Trans Day of Revenge garnered acclaim from both music journalists and listeners upon its release; many critics found it "essential" and "necessary" due to its message of taking violent measures instead of praying for peace.

Ivy Nelson, writing a review for Pitchfork, wrote that the album could significantly impact the culture of hardcore music and society in the future. She praised how the lyrics presented the record's message, writing that the group was "embedding politically complex ideas in emotionally unambiguous music without it flattening into a wave of rhetoric." Seattle Weekly critic Kelton Sears wrote the album's message of fighting to save lives was unique, given that "Much of today's punk, especially on a local level, has devolved into apathetic three-chord songs about pizza, beer, and the glories of being a screw-up."

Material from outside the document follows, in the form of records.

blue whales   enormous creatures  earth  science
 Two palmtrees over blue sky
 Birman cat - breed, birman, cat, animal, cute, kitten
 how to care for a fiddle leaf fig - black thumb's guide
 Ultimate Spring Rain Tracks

Jessica Hopper of MTV News wrote, "For all the (old) folks forever lamenting that contemporary punk doesn’t have any meaning, or doesn’t have anything to be angry about, “Trans Day of Revenge” is a dialogue-squashing rebuttal — though not sure G.L.O.S.S. has dialogue on the agenda".

Professional ratings
Review scores
| Source | Rating |
| Pitchfork | 8.5/10 |
| Punknews.org | Star |
| Spin | 8/10 |

==Year-end list rankings==

| Publication | Rank |
|---|---|
| Bandcamp Daily | 29 |
| Crack (EPs) | 6 |
| Exclaim! (EPs) | 1 |
| Pretty Much Amazing | 57 |
| Noisey | 87 |
| Pitchfork (Rock Albums) | —N/a |
| Stereogum (EPs) | —N/a |

==Track listing==

TRANS DAY OF REVENGE – Standard version
| No. | Title | Length |
|---|---|---|
| 1. | "Give Violence A Chance" | 1:54 |
| 2. | "Out From The Desk" | 1:00 |
| 3. | "Fight" | 1:04 |
| 4. | "We Live" | 1:15 |
| 5. | "Trans Day Of Revenge" | 1:45 |
| Total length: |  | 6:58 |

==Credits and personnel==
Credits from the official Bandcamp page for G.L.O.S.S.
- Location
- Recorded, engineered and produced at Punkall in Olympia, Washington, August 2015
- Credits
- Corey – Drums
- Julaya – Bass guitar, cover art
- Sadie – Vocals
- Tannrr, Jake – Electric guitars
- Joey Seward – Producer, engineer
- Bex – Cover art "insert"

==Notes==
- A The last names of the band members or other people credited on the album have not been revealed, apart from Sadie Switchblade.